-- To do --
Your task is to extract the lines from the one holding "Theranostics Image" through the end of the material. Set them down exactly and add nothing.

-- Data listing --
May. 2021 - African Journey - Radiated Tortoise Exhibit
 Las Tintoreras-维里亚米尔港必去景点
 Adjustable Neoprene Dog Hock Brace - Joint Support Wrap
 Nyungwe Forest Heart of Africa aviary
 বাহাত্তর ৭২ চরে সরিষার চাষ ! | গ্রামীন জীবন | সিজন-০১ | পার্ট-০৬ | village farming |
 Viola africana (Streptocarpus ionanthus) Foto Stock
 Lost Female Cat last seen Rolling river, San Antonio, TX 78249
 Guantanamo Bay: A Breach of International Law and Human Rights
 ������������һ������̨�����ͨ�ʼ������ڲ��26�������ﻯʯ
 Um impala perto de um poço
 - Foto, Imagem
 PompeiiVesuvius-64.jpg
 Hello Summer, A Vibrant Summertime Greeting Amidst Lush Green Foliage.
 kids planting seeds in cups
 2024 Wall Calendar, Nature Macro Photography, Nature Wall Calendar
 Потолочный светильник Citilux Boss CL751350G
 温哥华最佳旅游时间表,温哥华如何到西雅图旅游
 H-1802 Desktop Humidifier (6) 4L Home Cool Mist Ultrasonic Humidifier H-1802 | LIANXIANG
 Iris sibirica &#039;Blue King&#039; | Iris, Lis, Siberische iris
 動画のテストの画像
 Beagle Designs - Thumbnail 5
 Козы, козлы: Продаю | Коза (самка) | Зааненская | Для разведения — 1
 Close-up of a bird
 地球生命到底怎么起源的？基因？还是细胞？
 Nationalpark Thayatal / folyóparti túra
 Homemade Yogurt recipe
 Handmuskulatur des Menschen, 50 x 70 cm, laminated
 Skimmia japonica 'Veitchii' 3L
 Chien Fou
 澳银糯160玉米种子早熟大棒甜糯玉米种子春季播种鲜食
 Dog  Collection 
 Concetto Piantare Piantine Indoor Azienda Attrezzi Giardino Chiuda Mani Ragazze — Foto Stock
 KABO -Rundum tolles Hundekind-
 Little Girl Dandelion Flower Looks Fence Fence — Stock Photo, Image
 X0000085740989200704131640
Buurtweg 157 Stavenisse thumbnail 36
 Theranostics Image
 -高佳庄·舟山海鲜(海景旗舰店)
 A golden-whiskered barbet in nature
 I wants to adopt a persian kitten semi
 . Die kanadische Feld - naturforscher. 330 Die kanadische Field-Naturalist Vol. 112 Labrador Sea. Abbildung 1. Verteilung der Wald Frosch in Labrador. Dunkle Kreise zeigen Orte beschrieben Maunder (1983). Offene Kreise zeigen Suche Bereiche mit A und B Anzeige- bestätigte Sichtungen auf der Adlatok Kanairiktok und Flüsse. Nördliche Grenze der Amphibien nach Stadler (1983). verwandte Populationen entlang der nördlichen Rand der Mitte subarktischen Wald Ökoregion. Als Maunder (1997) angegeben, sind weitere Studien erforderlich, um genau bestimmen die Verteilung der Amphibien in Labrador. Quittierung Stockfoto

-- Exercise response --
 Theranostics Image
 -高佳庄·舟山海鲜(海景旗舰店)
 A golden-whiskered barbet in nature
 I wants to adopt a persian kitten semi
 . Die kanadische Feld - naturforscher. 330 Die kanadische Field-Naturalist Vol. 112 Labrador Sea. Abbildung 1. Verteilung der Wald Frosch in Labrador. Dunkle Kreise zeigen Orte beschrieben Maunder (1983). Offene Kreise zeigen Suche Bereiche mit A und B Anzeige- bestätigte Sichtungen auf der Adlatok Kanairiktok und Flüsse. Nördliche Grenze der Amphibien nach Stadler (1983). verwandte Populationen entlang der nördlichen Rand der Mitte subarktischen Wald Ökoregion. Als Maunder (1997) angegeben, sind weitere Studien erforderlich, um genau bestimmen die Verteilung der Amphibien in Labrador. Quittierung Stockfoto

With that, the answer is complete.